Task directions: Across the entries that follow, work out the number of lines containing the string "Women", and state it alone.

Scraped caption text data:

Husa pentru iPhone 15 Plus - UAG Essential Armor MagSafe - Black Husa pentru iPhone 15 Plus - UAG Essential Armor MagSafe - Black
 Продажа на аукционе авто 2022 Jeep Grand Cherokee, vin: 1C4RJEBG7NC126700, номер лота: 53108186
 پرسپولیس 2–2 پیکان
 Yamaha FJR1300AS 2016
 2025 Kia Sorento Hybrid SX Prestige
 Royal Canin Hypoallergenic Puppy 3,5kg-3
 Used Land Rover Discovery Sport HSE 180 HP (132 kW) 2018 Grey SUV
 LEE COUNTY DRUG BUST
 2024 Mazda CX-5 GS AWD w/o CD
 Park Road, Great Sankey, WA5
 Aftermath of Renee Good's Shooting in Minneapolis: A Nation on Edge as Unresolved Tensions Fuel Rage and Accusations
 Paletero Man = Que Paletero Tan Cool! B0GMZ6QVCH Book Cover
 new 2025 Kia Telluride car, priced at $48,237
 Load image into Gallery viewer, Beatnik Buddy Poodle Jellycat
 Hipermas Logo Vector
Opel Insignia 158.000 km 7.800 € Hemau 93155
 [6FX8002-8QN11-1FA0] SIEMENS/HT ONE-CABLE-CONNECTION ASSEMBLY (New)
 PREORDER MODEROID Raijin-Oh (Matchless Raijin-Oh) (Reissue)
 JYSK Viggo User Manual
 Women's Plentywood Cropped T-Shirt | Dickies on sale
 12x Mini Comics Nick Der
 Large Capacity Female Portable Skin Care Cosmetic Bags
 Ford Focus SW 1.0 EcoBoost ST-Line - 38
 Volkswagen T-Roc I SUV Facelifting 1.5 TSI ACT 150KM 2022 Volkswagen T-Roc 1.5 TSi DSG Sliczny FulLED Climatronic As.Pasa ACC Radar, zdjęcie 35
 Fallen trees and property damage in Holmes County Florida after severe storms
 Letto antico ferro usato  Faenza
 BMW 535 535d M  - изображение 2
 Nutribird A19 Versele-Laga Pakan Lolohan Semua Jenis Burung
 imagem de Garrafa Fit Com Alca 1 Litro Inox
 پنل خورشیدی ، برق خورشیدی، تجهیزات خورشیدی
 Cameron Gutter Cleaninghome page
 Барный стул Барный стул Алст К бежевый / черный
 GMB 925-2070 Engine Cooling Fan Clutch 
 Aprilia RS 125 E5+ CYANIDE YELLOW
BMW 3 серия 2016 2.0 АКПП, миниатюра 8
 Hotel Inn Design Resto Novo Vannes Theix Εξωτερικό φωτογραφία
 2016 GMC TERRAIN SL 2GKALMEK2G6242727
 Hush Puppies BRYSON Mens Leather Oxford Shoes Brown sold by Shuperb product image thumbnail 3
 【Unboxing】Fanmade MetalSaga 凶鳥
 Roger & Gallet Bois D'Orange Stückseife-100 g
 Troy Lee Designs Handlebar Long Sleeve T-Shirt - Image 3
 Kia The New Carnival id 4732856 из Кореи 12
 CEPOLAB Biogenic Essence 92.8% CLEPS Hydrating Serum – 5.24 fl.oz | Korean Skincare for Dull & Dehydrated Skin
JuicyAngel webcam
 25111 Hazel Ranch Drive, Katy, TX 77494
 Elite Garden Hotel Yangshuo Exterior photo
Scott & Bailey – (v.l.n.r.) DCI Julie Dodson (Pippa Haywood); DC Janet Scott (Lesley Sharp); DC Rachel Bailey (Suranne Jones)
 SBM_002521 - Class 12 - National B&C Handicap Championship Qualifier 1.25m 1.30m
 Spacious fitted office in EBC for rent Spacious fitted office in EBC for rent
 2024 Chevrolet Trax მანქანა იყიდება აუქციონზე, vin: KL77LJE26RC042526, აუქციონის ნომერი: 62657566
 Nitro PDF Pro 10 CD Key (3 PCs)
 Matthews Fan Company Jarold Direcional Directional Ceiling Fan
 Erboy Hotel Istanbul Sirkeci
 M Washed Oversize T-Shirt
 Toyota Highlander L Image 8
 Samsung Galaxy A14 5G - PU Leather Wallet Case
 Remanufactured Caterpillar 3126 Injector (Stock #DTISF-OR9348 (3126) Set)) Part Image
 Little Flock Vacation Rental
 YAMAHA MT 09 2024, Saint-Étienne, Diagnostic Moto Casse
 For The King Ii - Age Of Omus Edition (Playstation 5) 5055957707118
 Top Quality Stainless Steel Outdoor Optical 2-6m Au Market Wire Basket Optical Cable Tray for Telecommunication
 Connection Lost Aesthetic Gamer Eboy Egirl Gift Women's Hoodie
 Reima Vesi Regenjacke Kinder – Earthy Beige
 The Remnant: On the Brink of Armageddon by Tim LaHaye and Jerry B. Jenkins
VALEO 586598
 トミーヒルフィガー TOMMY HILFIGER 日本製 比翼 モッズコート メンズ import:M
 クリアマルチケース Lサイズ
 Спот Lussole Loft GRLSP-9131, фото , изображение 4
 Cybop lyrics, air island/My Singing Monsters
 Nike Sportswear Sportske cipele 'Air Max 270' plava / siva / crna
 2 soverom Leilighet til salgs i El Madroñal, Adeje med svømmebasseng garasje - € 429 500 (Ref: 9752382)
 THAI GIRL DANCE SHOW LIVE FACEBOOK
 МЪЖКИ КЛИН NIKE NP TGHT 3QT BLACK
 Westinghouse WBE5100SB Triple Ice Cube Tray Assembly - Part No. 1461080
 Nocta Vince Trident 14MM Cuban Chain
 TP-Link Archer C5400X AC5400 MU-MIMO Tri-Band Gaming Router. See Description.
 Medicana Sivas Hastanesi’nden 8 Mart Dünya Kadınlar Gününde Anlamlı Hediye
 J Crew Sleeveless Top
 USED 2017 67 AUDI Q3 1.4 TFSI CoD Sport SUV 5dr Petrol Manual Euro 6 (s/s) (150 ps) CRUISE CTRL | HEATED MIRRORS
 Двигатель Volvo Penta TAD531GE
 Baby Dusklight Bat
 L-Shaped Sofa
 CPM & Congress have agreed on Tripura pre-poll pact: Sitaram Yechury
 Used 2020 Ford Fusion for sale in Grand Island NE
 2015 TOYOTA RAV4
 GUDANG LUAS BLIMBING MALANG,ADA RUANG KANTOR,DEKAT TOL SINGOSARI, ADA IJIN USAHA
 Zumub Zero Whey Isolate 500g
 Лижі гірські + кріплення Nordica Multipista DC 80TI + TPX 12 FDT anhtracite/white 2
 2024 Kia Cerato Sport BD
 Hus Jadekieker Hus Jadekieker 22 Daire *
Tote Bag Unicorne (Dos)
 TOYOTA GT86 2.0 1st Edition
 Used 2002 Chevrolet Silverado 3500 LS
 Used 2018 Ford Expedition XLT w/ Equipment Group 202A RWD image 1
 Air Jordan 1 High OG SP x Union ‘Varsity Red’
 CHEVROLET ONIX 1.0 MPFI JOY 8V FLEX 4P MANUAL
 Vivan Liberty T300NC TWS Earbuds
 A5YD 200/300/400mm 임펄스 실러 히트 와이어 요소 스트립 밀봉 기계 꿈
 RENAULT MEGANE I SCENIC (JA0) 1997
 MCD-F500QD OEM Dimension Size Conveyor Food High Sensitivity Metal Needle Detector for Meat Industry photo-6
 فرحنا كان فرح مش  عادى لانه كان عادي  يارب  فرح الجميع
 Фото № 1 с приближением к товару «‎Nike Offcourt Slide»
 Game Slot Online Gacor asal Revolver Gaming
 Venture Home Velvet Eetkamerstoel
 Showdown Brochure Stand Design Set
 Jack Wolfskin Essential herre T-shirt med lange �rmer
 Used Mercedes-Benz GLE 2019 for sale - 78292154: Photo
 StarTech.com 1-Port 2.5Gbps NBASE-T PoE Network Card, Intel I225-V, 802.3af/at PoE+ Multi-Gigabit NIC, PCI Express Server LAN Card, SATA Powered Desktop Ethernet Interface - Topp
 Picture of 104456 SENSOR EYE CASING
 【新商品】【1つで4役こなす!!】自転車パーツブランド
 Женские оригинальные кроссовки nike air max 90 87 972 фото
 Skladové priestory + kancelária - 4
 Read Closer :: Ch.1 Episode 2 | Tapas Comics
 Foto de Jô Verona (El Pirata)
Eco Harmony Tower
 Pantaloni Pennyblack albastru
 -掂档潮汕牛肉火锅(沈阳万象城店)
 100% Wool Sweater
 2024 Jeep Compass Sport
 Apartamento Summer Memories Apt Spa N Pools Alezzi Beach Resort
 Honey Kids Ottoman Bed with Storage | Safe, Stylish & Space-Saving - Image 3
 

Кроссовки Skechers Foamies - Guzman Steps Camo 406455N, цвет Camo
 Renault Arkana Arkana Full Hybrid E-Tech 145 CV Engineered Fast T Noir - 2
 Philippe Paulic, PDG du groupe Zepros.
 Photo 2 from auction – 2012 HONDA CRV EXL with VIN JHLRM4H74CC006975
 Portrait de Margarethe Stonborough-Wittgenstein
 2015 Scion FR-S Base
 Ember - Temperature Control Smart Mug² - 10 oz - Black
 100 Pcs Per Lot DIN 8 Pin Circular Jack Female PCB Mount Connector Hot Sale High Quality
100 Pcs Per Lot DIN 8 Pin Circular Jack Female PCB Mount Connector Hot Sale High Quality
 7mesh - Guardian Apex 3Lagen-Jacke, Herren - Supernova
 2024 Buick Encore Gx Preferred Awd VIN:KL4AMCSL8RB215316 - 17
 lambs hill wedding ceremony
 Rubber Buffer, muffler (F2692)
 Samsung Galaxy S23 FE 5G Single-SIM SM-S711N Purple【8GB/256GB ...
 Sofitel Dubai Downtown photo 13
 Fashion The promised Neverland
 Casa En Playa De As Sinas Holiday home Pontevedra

Solution for this exercise: 2